Mutolere is the location of St. Francis Hospital Mutolere, a 220-bed community hospital, owned and administered by the Roman Catholic Diocese of Kabale. The hospital has an affiliated nurses and midwives school, the Mutolere School of Nursing and Midwifery.

Another institution in the neighborhood is Mutolere Senior Secondary School, (also St.
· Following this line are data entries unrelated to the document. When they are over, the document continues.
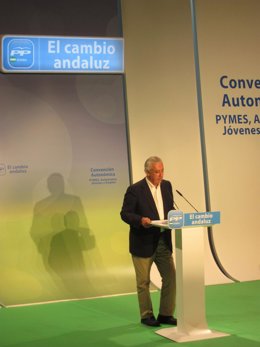 El Presidente Del PP-A  Y Candidato A La Presidencia De La Junta, Javier Arenas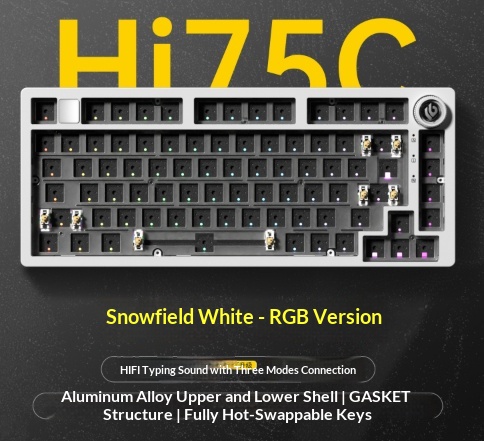Tri-mode Mechanical Keyboard Custom Kit With RGB Lighting 10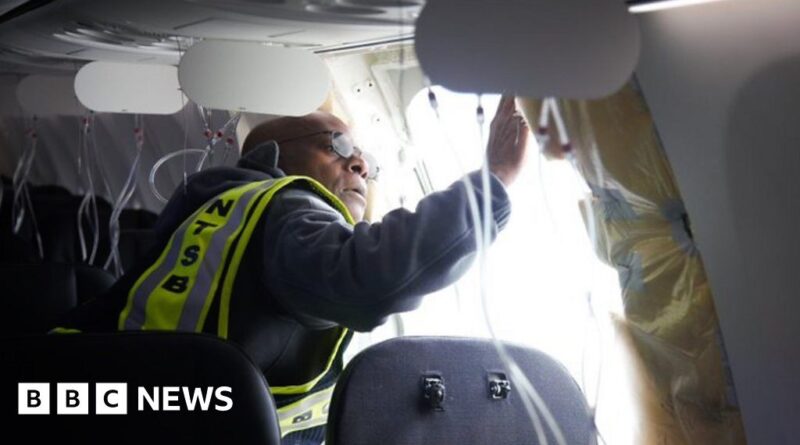 New video shows inside Boeing plane inspection after blowout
Paul's Secondary School, Mutolere), a residential all-boys middle and high school (grades 8-13). Former students at this school, include Kale Kayihura, the former Inspector General of Police, in the Uganda Police Force and Harrison Mutikanga, the Managing Director of the Uganda Electricity Generation Company Limited. Kasobede Dan (Station manager 91.1 Kisoro FM Radio) The student body at this school exceed 1,000. Nixon Kamugisha a Systems Administrator (Cyber Security) at Soroti University.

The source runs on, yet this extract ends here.